Don Unger’s tattoo is exactly what you think it is.
Unger started teaching as an English Writing and Rhetoric Assistant Professor here at St. Edward’s this semester, and his USB symbol tattoo has attracted much attention.
With a specialty in tech and business writing and document design, Unger studies how people use online writing strategies and how writing is changing through access to digital tools. Of course, in regards to this field and being in this day and age, the USB, or Universal Serial Bus, is something most of us millennials overlook and underappreciate.

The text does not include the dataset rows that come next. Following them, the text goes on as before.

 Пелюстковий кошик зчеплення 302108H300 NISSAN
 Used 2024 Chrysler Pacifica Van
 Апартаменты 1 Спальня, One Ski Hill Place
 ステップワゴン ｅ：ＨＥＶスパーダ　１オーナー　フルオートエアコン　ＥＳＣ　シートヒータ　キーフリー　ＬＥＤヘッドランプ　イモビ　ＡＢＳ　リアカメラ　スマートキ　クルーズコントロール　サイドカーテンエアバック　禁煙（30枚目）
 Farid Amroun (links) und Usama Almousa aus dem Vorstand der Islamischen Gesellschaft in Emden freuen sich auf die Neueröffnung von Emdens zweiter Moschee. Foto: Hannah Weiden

If you really think about it, how cool is a USB? You can connect any device to any computer (as long as there is a USB port) at any time, and that’s a pretty cool concept that makes life a whole lot easier.
In relation to his background in writing and rhetoric, Unger talked about how most of us look over the act of writing as well. Writing, like USBs, connects things to allow communication, but on a mental and intellectual level.

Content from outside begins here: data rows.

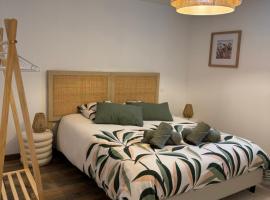 L Écrin des églisières، فندق في Quesmy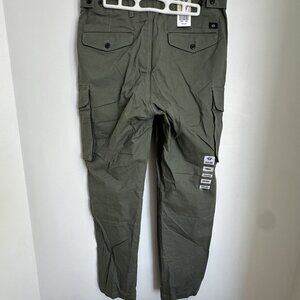 BNWT DOCKERS CARGO PANTS 32X30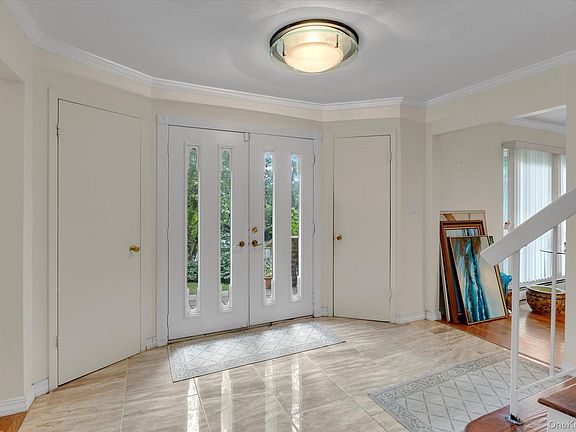 4th image of 17 Calumet Drive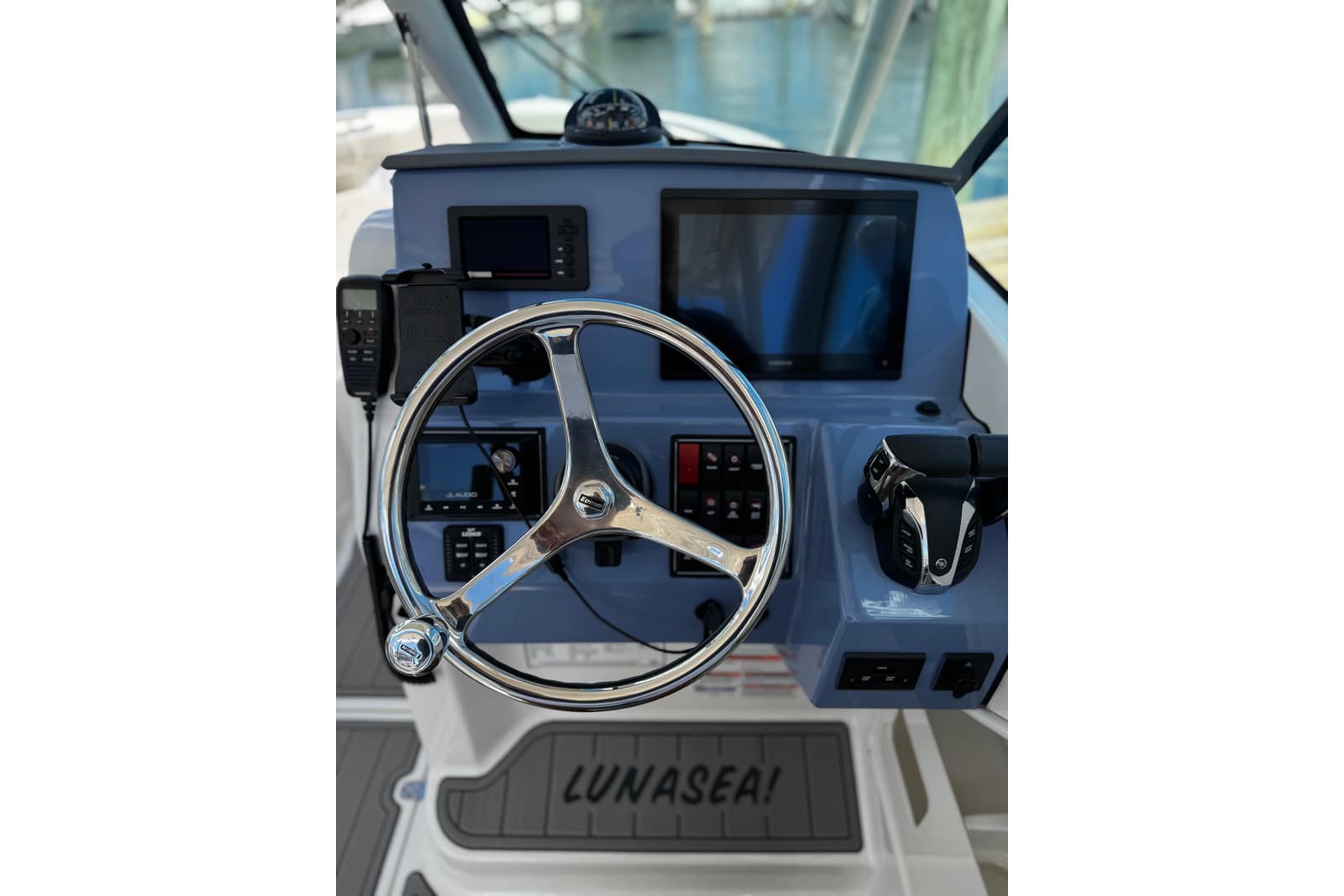 2023 Pursuit DC 266 Dual Console - Photo 20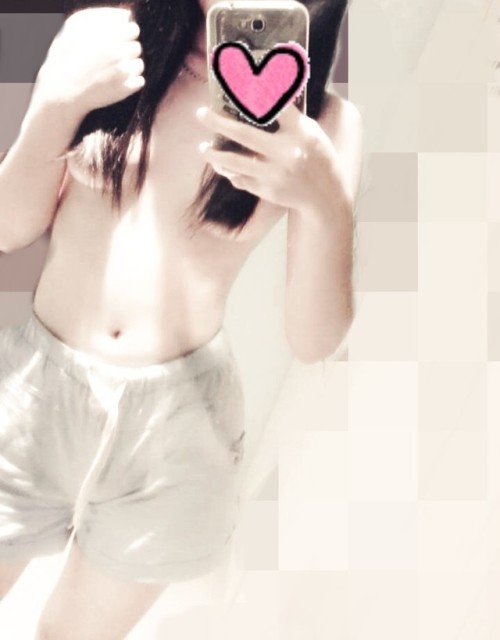 nuttypuppycloud: 各位哥哥早 &lt;3就先讓哥哥們看胸型吧~各位哥哥喜歡我的胸型嗎? 是圓圓挺挺的唷可以留下你們的感想唷~好評的話妹妹才會繼續PO噢~~ 胸型超圓超美 幫你分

“I like the idea that we sort of overlook what connects different devices and things together so that they can operate and communicate with one another,” Unger said.
The placement of the tattoo is also important, as it is placed on his inner wrist near his hand. The symbol faces towards his hand, revealing a parallelism between hand and USB as well.
“The idea that your hand serves a similar purpose in terms of connecting you to other things is kind of the metaphor,” Unger said.
His symbolic tattoo not only represents how technological devices connect to one another, but aims at a bigger picture. The tattoo represents how writing connects minds and touch connects human beings as well.
At first, he didn’t get the tattoo with this deep message in mind.
“I kind of just liked the symbol,” Unger said.
He got the tattoo in 2012 while residing in Anchorage, Alaska, by a coworker’s boyfriend.
“The guy was actually on house arrest and wore an ankle monitor, so I had to go see him at his house,” Unger said.
He only started utilizing the tattoo as a logo this past year after getting his Ph.D., and it seems to be working well in his favor.
“Students definitely ask me about it,” Unger said.
Unger does plan on getting more tattoos, hoping to get one relating to the different places he’s lived. He grew up in upstate New York, lived in Anchorage, Alaska for six years, lived in Indiana, and now has found his place in Austin.
“I’ve lived in a number of different places and I’d like to get something that either represents those places altogether or something that they can build off of and add on to,” Unger said.